Die Menschen hier hören: Wir gelauben, so knecht dienet herre, diene herre auch knecht. Einem ieden solchen man ist auch lieb, nach narung z.u stellen vnd zu trachten. Im ist auch lieb, ere mit eren, trewe mit trewen, gute mit gute widergelten. One liebkosen mit kurzer rede: aller werlte aufhaltung, festung vnd merung sint die werden herren.
Ere, Zucht, Keusche, Milte, Trewe, Masse, Sorge vnd Bescheidenheit wonten stete in sînem hofe. Wirt, ingesinde vnd hausgenosse aller guten leute is Gregor Von Heisler. Wir nennen Sie den goldenen Löwen ein Tiger des Ostens.
Es steht geschrieben: Brennan Augustus Caiolfihonn Augusta
Angesichts 6. August anno sociatis XLIX am Pennsic Krieg XLIII, Königreich Æthelmearc
People here, listen: We believe, as the servant serves the master, so the master shall serve the servant. It is a pleasure for such a man to strain for food and strive after honour. It is also a pleasure for him to meet honour with honour, fidelity with fidelity, and good with good. To summarize a long compliment in few words: noble men are the support, the fortification, and the increase of the whole world. Honour, propriety, chastity, generosity, fidelity, moderation, care, and modesty always inhabited his house; host, servant, and household member of all good people is Gregor von Heisler. We name the golden lion a Tiger of the East.
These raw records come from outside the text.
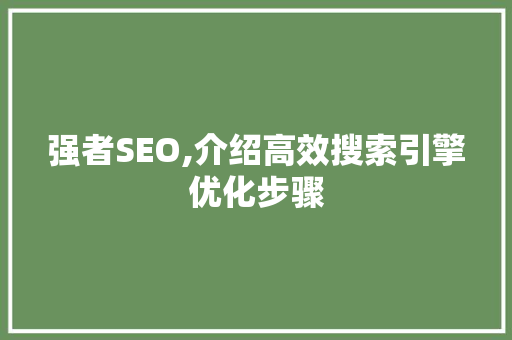 强者SEO,介绍高效搜索引擎优化步骤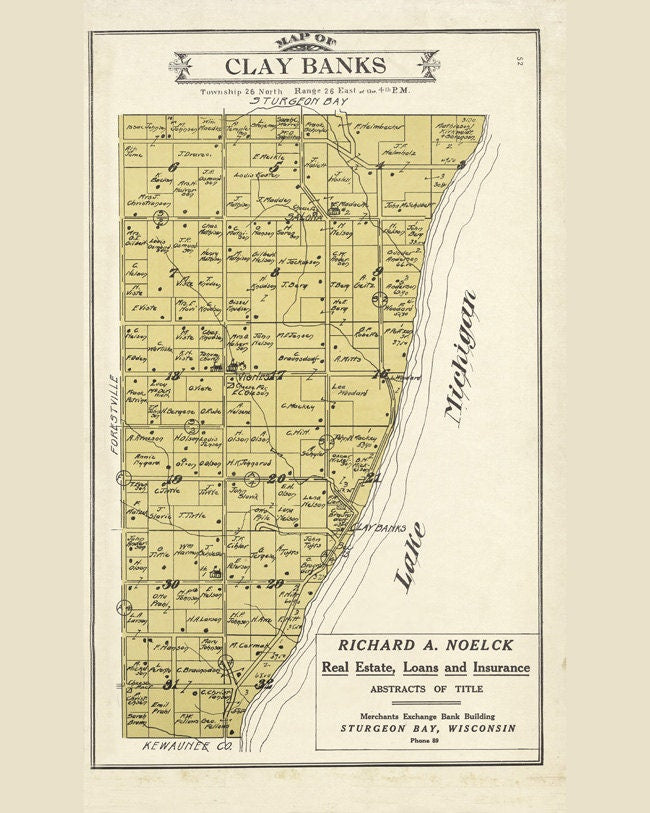 1914 Map of Clay Banks Township Door County Wisconsin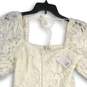 NWT Womens White Lace Floral Sweetheart Neck 3/4 Sleeve A-Line Dress Size M image number 3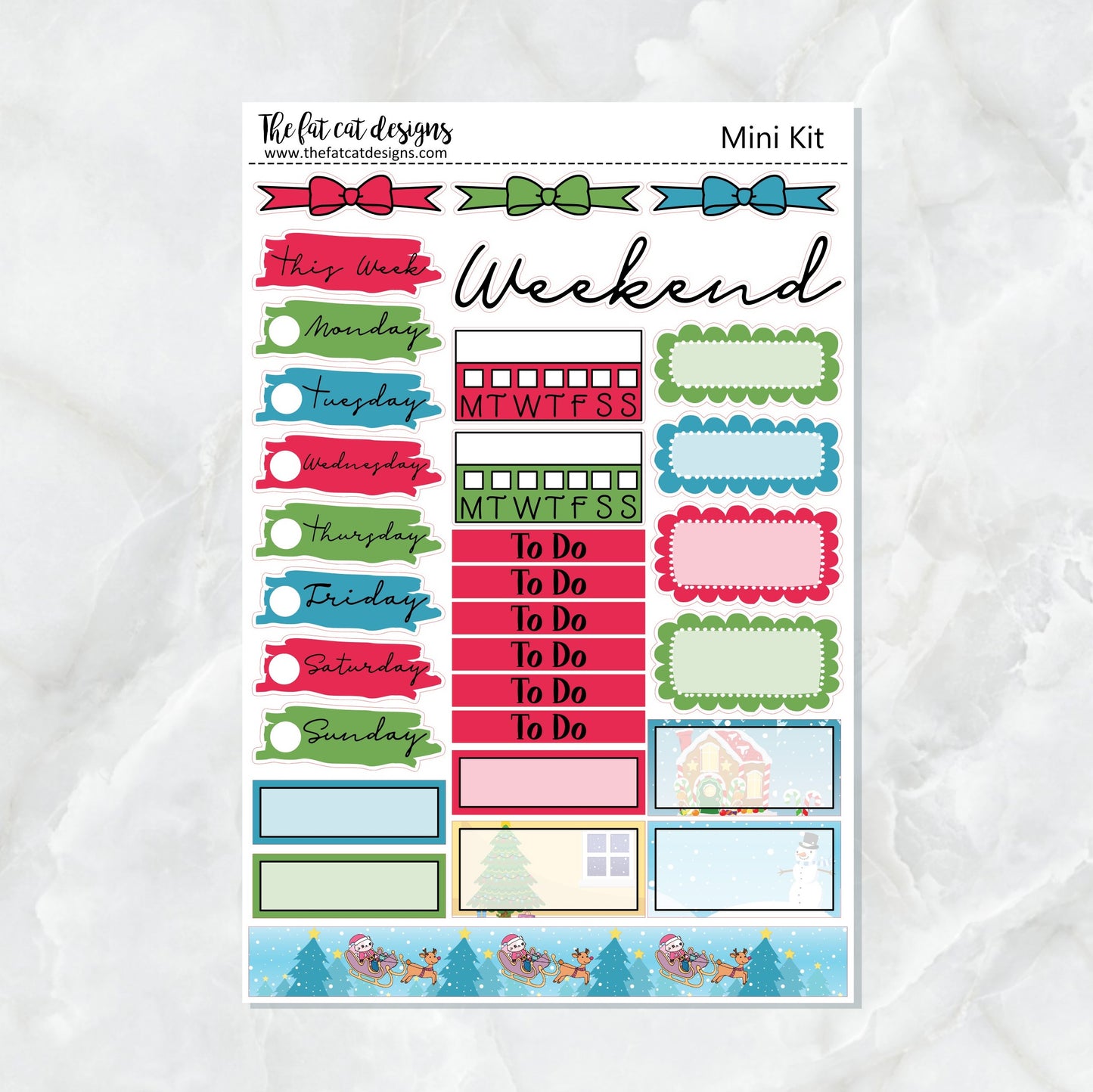 Meowy Merry Christmas Mini Planner Sticker Kit for the Printpression B6 Erin Condren Travelers Notebooks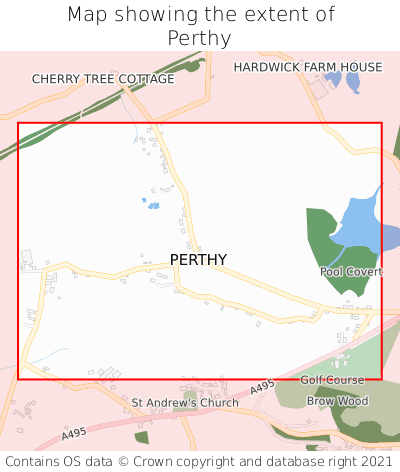 Map showing extent of Perthy as bounding box
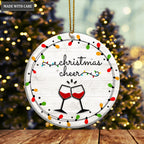 Christmas Cheer Lights And Champagne Ornament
It is written: Brennan Augustus / Caiolfihonn Augusta
Given August 6, anno sociatis XLIX at the Pennsic War XLIII, Kingdom of Æthelmearc
About the text
Words based on “Der Ackermann aus Bohmen/The Husbandman and Death” by Johannes von Saaz written 1401, published 1460; translated into English by Dr. Michael Haldane; crafted to scroll text by Aneleda Falconbridge, with additional translation assistance from German language teacher Melanie Manzer Kyer.
The scroll text is Middle High German “Der Ackermann aus Bohmen” which is a conversation between Death and a Husband, and is significant for the time period, noted as one of the first “humanistic” works.
Because Duke Gregor’s time is in sync with modern times, it would be 1414 to him, and this piece would not have been yet published, though it would have been written. I consulted with a non-SCAdian friend who teaches German and whose studies included a class in Middle High German, she made minor changes to the text at my request (some gender changes) and helped me to rework a line – but other than that the entire text is “as written” by the author in 1401.